2. Interpersonal Skills
As the name implies, this refers to relationships between people. Another of the so-called people skills, this competency can be broken down into a number of core characteristics such as:
1. Able to communicate – strong leaders can get their message across to people at all levels, from the CEO all the way down to the staff on the factory floor. They say what they mean using specific language that can’t be misinterpreted. They’re also very good at making their expectations known in as clear and simple a way as possible.
2. A good listener – leaders listen so they can understand. They need to be able to take in both sides of an argument and to ensure that every voice gets heard. It’s important that each member of staff feels that their views are being listened to, as this helps keep them engaged and productive.
3. Able to provide feedback – feedback is critical if you want to maintain quality and levels of productivity. Constructive criticism is valuable, but this should always be tempered with positive feedback.
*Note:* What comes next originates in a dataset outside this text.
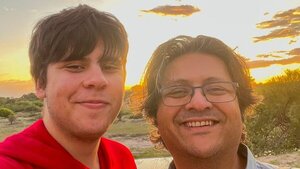 La madre del joven que falleció en el Titan le cedió su lugar en el sumergible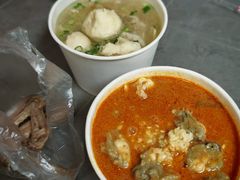 -四里沙茶面(湖滨四里店)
Great leaders know the importance of praising staff for what they’re doing well and pointing out the things they could be doing better.
4. Honest and trustworthy – it’s essential for leaders to be honest and transparent with the staff in their care. When they know you’ll always be frank and candid, they’ll realize they can trust what you say. It’s also a good idea to show your trust in your employees by letting them take the reins and not micro-managing them.
3. Coaching Skills
A good leader has the responsibility to lift others up around them. Part of their role is to be able to bring out the best in their staff members, to give them the opportunity to perform at their peak and reach their full potential as often as possible. They can do this by empowering their employees, guiding them towards solutions rather than showing them, encouraging them to succeed, and giving them the constant motivation they need to do well.
4. Managing People
One of a leader’s main overall responsibilities is being able to build a strong and flexible team who can help bring the organization’s goals to fruition. They do that by guiding, motivating and encouraging their employees to do their best. Whenever necessary, they make sure their staff get the training they need to do their jobs well and to ensure their professional development isn’t overlooked.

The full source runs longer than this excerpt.